By Bill Bradley, contributing editor
The NFL has been paying special attention to players after they finish their careers.
The league already had been active in the past decade, creating the Player Engagement department and assigning representatives to every NFL team, but it went one step further earlier this year with its transition initiative. NFL Evolution provides an exclusive look at the program, which has 13 recently retired players go through extensive training and become certified to assist colleagues in the areas of mental and behavioral health.
The turning point to create such a program was the death of players such as Junior Seau and Jovan Belcher, said Troy Vincent, the NFL's senior vice president for player engagement.

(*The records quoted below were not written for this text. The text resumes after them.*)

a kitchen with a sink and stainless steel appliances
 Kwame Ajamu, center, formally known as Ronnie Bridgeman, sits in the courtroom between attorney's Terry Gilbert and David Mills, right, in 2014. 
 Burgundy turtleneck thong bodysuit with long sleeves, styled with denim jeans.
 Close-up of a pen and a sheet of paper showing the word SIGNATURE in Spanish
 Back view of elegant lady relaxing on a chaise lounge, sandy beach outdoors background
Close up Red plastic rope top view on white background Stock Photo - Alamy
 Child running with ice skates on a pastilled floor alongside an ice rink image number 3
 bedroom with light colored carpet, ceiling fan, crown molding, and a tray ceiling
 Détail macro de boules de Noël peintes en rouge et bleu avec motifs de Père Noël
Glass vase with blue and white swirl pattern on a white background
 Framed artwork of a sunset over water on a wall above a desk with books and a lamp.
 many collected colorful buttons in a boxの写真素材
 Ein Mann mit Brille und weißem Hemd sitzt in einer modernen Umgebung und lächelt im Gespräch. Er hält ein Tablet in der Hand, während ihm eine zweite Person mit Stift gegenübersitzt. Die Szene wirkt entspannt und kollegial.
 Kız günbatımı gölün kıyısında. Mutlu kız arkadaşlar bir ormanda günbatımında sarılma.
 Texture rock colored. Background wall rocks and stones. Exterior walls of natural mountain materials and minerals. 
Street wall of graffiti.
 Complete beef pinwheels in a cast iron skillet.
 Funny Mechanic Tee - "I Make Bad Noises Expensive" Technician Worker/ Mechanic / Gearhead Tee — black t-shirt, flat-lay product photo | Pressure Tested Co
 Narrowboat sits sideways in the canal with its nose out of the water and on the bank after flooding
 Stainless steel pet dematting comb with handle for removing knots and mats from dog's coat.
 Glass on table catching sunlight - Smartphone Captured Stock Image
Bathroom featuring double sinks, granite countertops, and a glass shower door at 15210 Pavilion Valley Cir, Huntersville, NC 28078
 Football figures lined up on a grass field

"Just a year that no one wants to think about, what happened off the field with some of our men and the lives that are no longer here," Vincent told NFL Network chief health and player safety correspondent Andrea Kremer. "There was a lot of evaluation and just kind of turning back the clock and see(ing) what could we do better."
Former players Donovin Darius, LaVar Arrington, Mike Haynes and Irving Fryar are among the 13 transition coaches. All needed 56 hours of in-person training during nine months of courses to become certified.
Transition coaches were taught how to work with current and former players and their families. The curriculum included courses on substance abuse, domestic violence, gun safety and suicide prevention.
"Regardless of what's happened in the past, this is something that's needed," former linebacker Dwight Hollier said, "and a great opportunity for us to make a difference."
Two months after graduating, the transition coaches used their skills at the NFL Rookie Symposium in June. Rather than addressing an auditorium full of rookies, many of the coaches used smaller breakout groups to tackle tough topics.